▶ **What is being asked**
Please output only the lines running from the one that contains "Mario Testino: Κλείνει" through the last line of the data below, exactly as they stand, with no pictures.

(Source records)
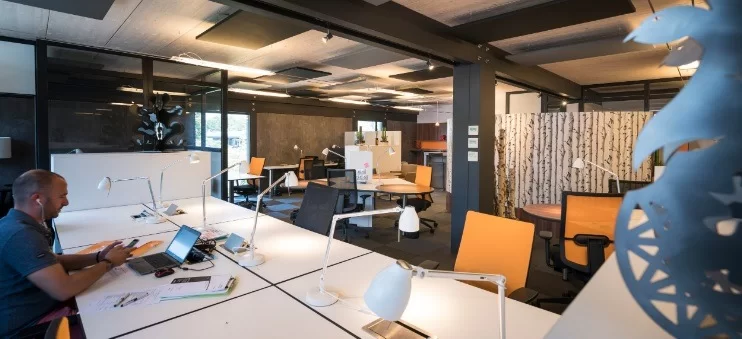 Location open space à Poisy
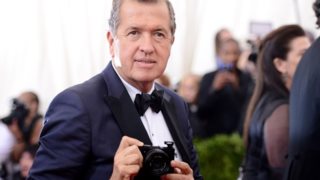 Mario Testino: Κλείνει το πρακτορείο του στη Νέα Υόρκη
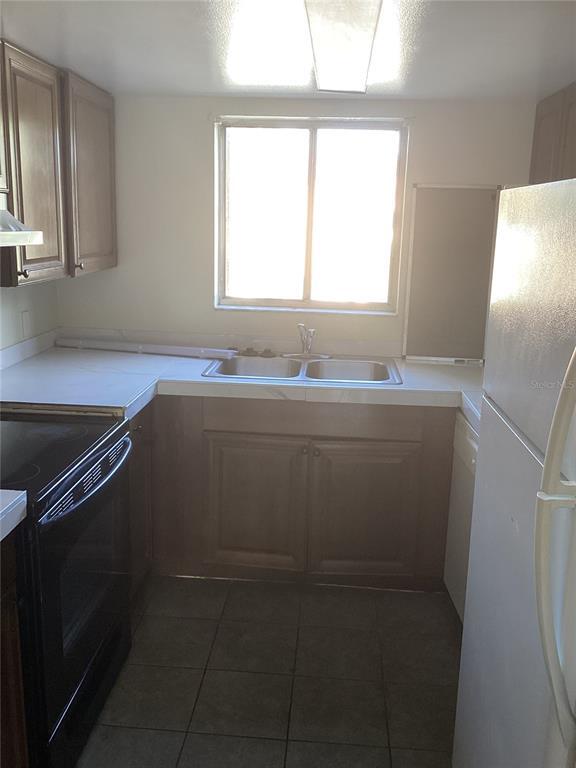 Photo - 2054 Bowen Dr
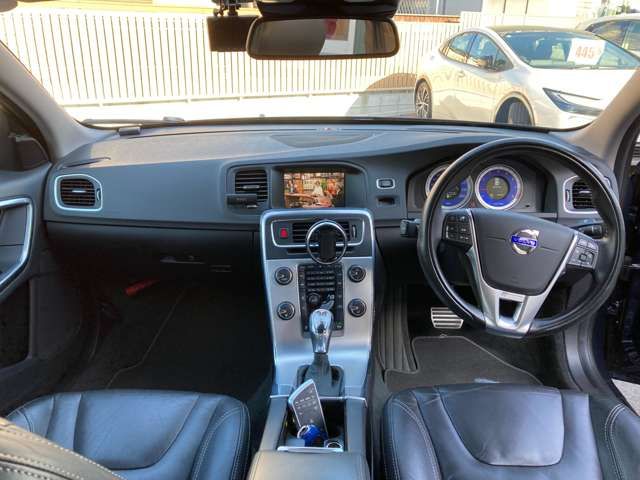 Volvo S60 2012-10 196795-2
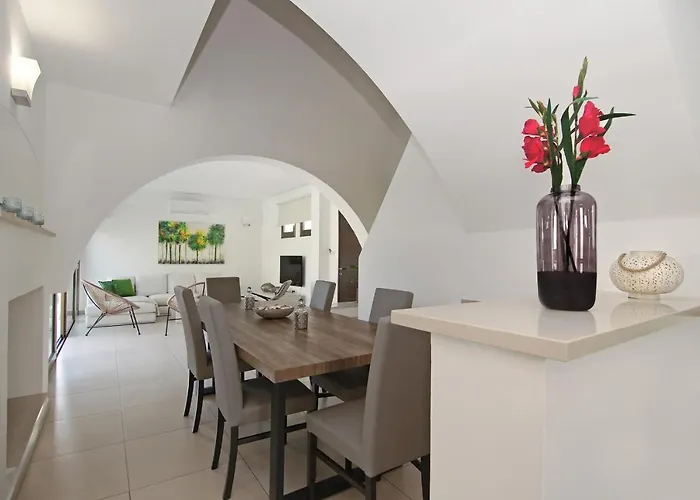 Regina Ferienhaus Agia Napa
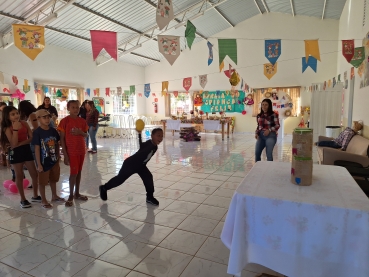 Foto 9:  Festa Junina do grupo Criança Feliz - Centro Comunitário 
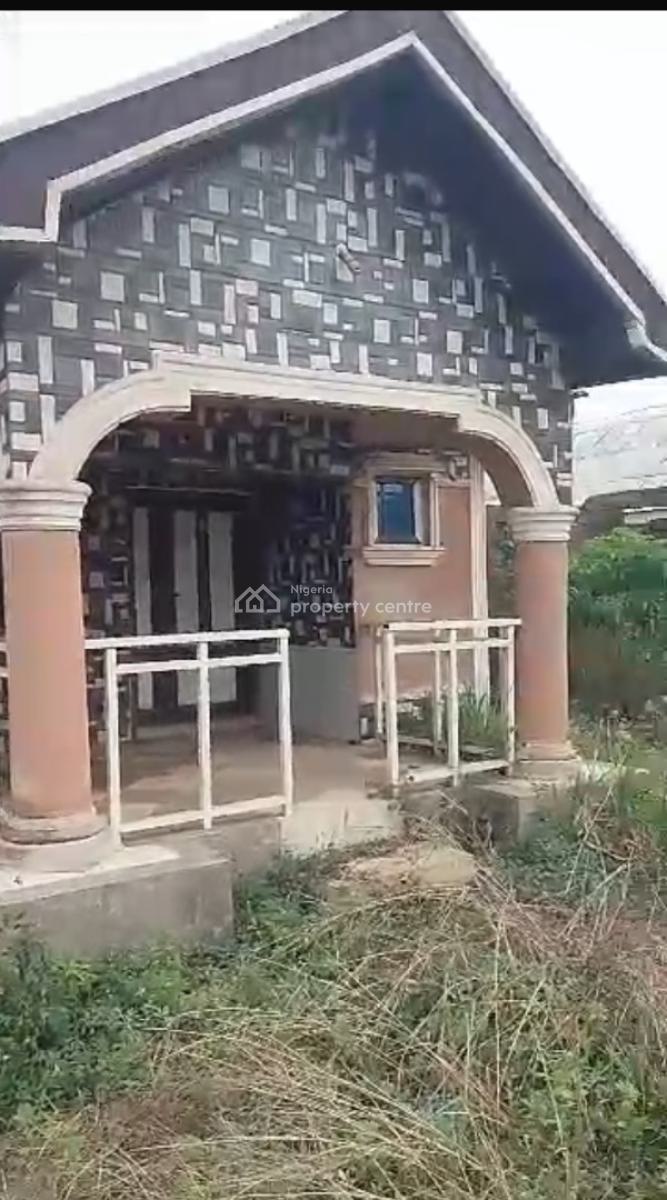 Standard 3bedroom Bungalow, Odogunyan-itaoluwo Area, Ikorodu, Lagos, Detached Bungalow for Sale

▶ **Result**
 Mario Testino: Κλείνει το πρακτορείο του στη Νέα Υόρκη
 Photo - 2054 Bowen Dr
 Volvo S60 2012-10 196795-2
 Regina Ferienhaus Agia Napa
 Foto 9:  Festa Junina do grupo Criança Feliz - Centro Comunitário 
 Standard 3bedroom Bungalow, Odogunyan-itaoluwo Area, Ikorodu, Lagos, Detached Bungalow for Sale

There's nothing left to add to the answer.